Update DDP Tutorial to remove Single-Process Multi-Device Use Case

mrshenli · mrshenli · commit 4902c7aeb935 · 2020-04-28T13:00:19.000-07:00
diff --git a/intermediate_source/ddp_tutorial.rst b/intermediate_source/ddp_tutorial.rst
@@ -2,46 +2,53 @@ Getting Started with Distributed Data Parallel
 =================================================
 **Author**: `Shen Li <https://mrshenli.github.io/>`_
 
-`DistributedDataParallel <https://pytorch.org/docs/stable/_modules/torch/nn/parallel/distributed.html>`__
-(DDP) implements data parallelism at the module level. It uses communication
-collectives in the `torch.distributed <https://pytorch.org/tutorials/intermediate/dist_tuto.html>`__
-package to synchronize gradients, parameters, and buffers. Parallelism is
-available both within a process and across processes. Within a process, DDP
-replicates the input module to devices specified in ``device_ids``, scatters
-inputs along the batch dimension accordingly, and gathers outputs to the
-``output_device``, which is similar to
-`DataParallel <https://pytorch.org/tutorials/beginner/blitz/data_parallel_tutorial.html>`__.
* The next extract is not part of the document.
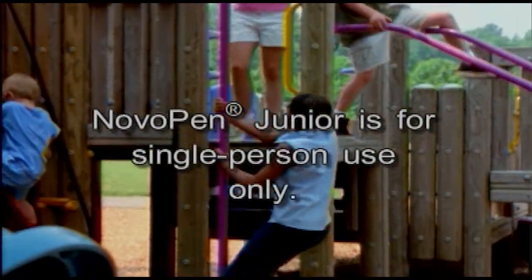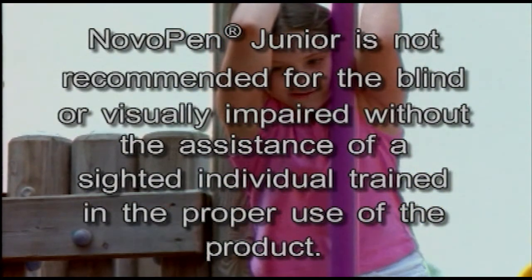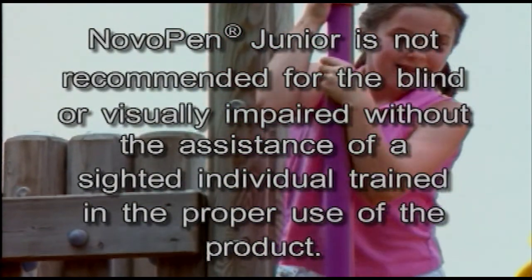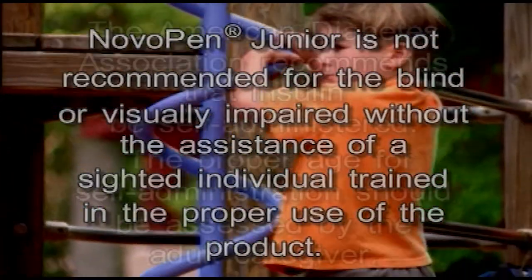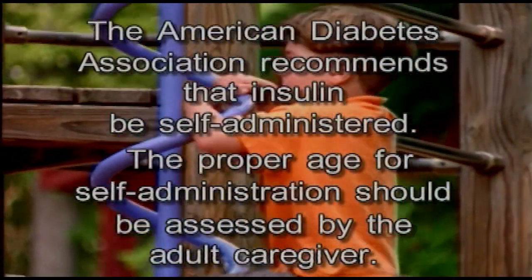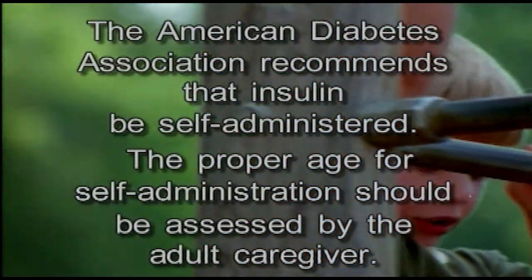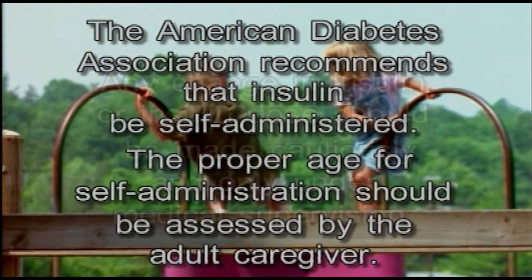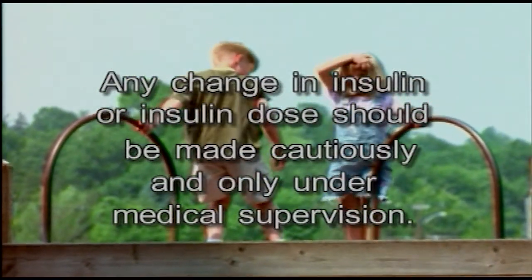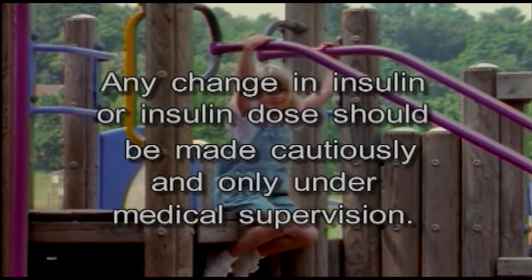NovoPen Jr. is for single-person use only. NovoPen Jr. is not recommended for the blind or visually impaired without the assistance of a sighted individual trained in the proper use of the product. The American Diabetes Association recommends that insulin be self-administered; the proper age for self-administration should be assessed by the adult caregiver. Any change in insulin or insulin dose should be made cautiously and only under medical supervision.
-Across processes, DDP inserts necessary parameter synchronizations in forward
-passes and gradient synchronizations in backward passes. It is up to users to
-map processes to available resources, as long as processes do not share GPU
-devices. The recommended (usually fastest) approach is to create a process for
-every module replica, i.e., no module replication within a process. The code in
-this tutorial runs on an 8-GPU server, but it can be easily generalized to
-other environments.
+`DistributedDataParallel <https://pytorch.org/docs/stable/nn.html#torch.nn.parallel.DistributedDataParallel>`__
+(DDP) implements data parallelism at the module level which can run across
+multiple machines. Applications using DDP should spawn multiple processes and
+create a DDP instance in each process. DDP uses collective communications in the
+`torch.distributed <https://pytorch.org/tutorials/intermediate/dist_tuto.html>`__
+package to synchronize gradients and buffers. More specifically, DDP inserts
+an autograd hook for each model parameter which will fire when the
+corresponding gradient is computed in the backward pass. Then DDP uses that
+signal to trigger gradient synchronization across processes. Please refer to
+`DDP design note <https://pytorch.org/docs/master/notes/ddp.html>`__ for more details.
+
+
+The recommended way to use DDP is to spawn one process for each model replica,
+where a model replica can span multiple devices. DDP processes can be
+placed on the same machine or across machines, but GPU devices cannot be
+shared across processes. This tutorial starts from a basic DDP use case and
+then demonstrates more advanced use cases including checkpointing models and
+combining DDP with model parallel.
+
+
+.. note::
+  The code in this tutorial runs on an 8-GPU server, but it can be easily
+  generalized to other environments.
+
 
 Comparison between ``DataParallel`` and ``DistributedDataParallel``
 -------------------------------------------------------------------
 
 Before we dive in, let's clarify why, despite the added complexity, you would
 consider using ``DistributedDataParallel`` over ``DataParallel``:
 
-- First, recall from the
+- First, ``DataParallel`` is single-process, multi-thread, and only works on a
+  single machine, while ``DistributedDataParallel`` is multi-process and works
+  for both single- and multi- machine training. ``DataParallel`` is usually
+  slower than ``DistributedDataParallel`` even on a single machine due to GIL
+  contention across threads, per-iteration replicated model, and additional
+  overhead introduced by scattering inputs and gathering outputs.
+- Recall from the
   `prior tutorial <https://pytorch.org/tutorials/intermediate/model_parallel_tutorial.html>`__
   that if your model is too large to fit on a single GPU, you must use **model parallel**
   to split it across multiple GPUs. ``DistributedDataParallel`` works with
-  **model parallel**; ``DataParallel`` does not at this time.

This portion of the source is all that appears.